Required work
Pictures must not appear in the copy. Restate exactly the lines below from the one with "Dragonfly Triple-Zip Crossbody." through the one with "108顆佛珠手串 圓珠項鍊 念珠飾品", inclusive.

Task inputs
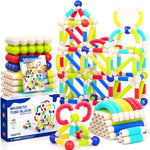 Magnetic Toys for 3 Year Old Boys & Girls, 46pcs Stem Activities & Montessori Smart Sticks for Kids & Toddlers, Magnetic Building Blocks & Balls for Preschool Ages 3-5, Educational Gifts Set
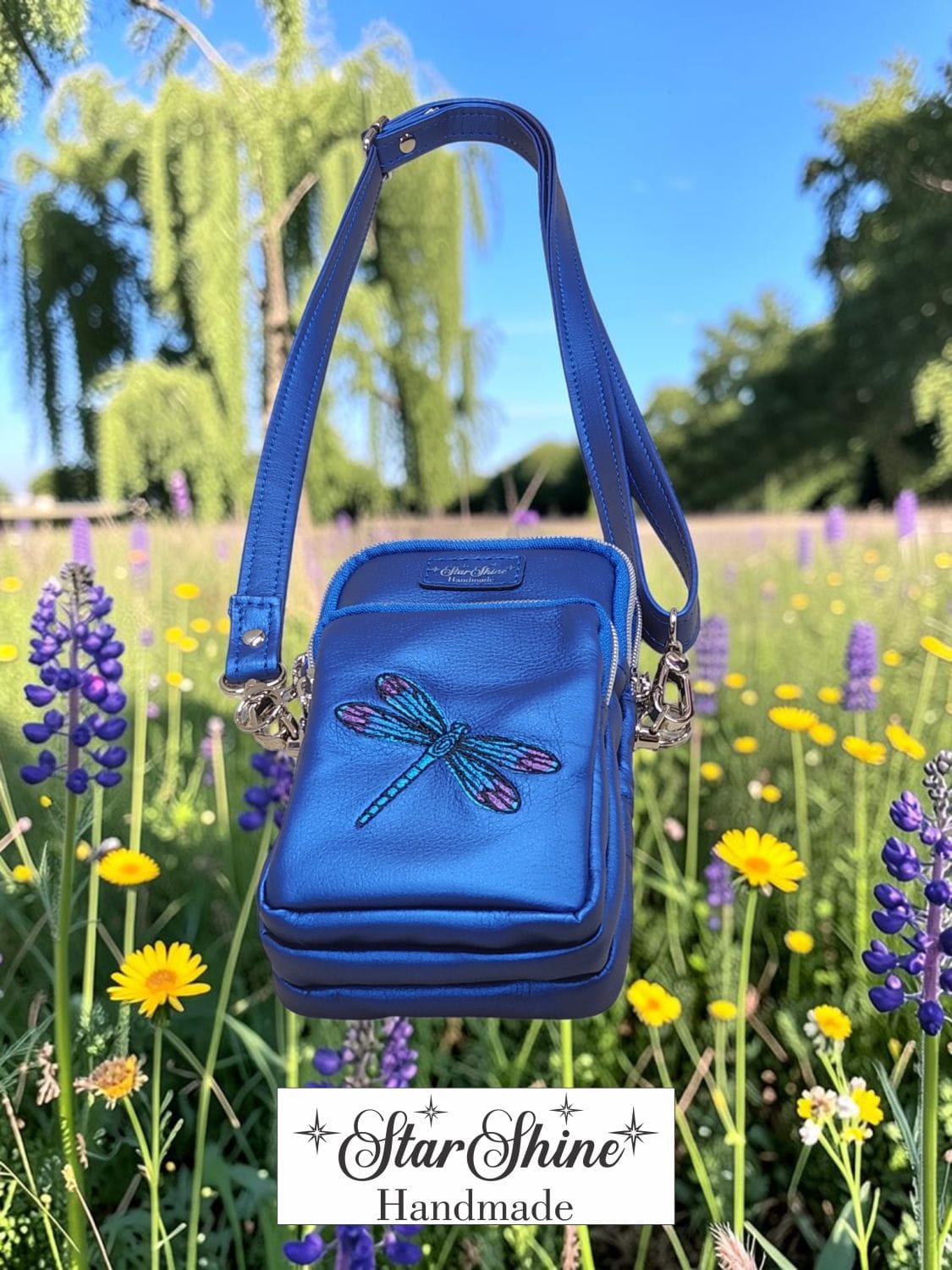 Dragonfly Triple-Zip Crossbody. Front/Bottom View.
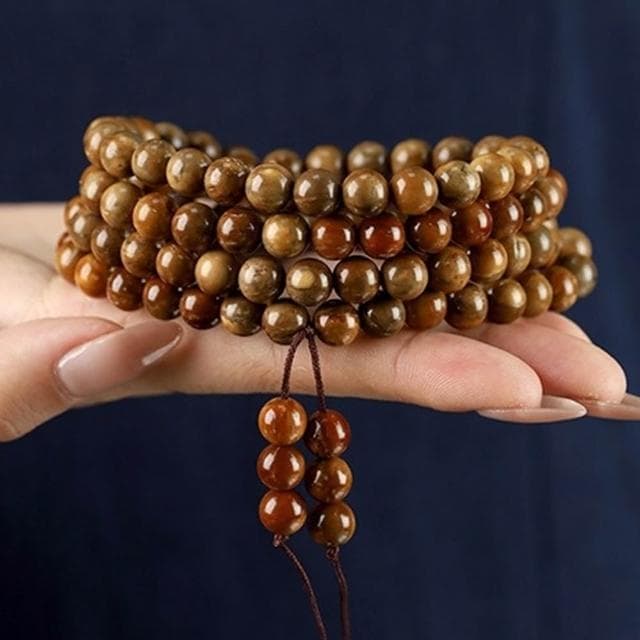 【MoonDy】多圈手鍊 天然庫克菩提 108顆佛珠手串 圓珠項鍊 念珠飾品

---

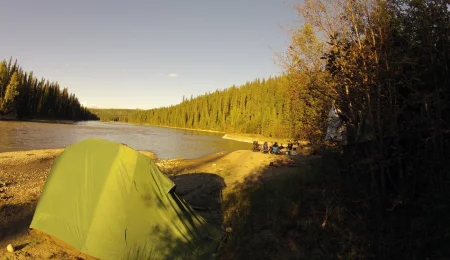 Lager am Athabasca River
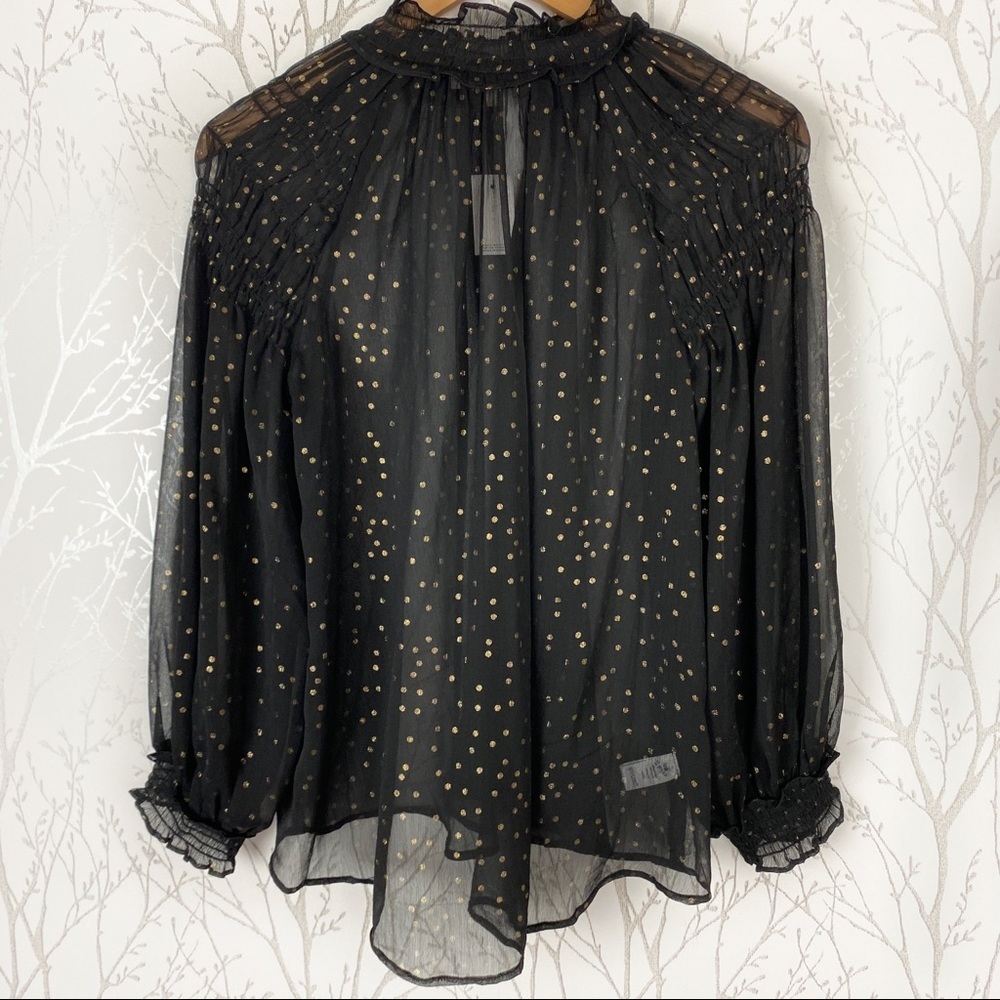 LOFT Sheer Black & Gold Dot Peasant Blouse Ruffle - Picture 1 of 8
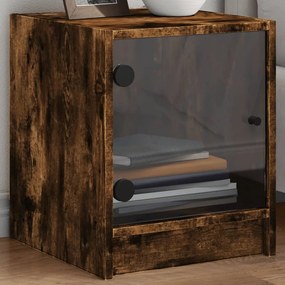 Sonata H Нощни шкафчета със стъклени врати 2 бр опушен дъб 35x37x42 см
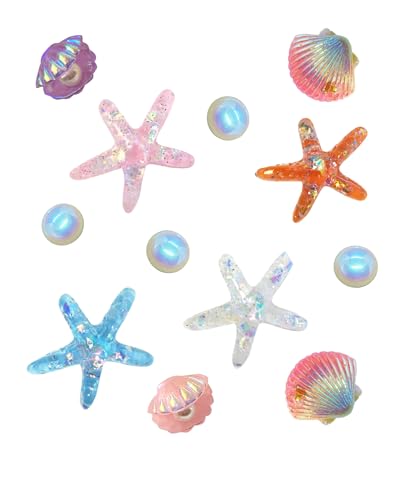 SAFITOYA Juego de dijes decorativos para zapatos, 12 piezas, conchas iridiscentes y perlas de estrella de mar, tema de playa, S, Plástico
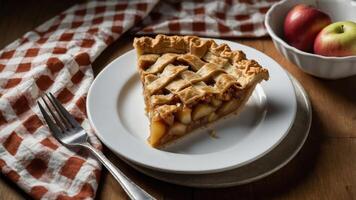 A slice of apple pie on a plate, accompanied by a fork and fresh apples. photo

* * *

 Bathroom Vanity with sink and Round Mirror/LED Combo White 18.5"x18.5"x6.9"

Solution to the exercise
 Dragonfly Triple-Zip Crossbody. Front/Bottom View.
 【MoonDy】多圈手鍊 天然庫克菩提 108顆佛珠手串 圓珠項鍊 念珠飾品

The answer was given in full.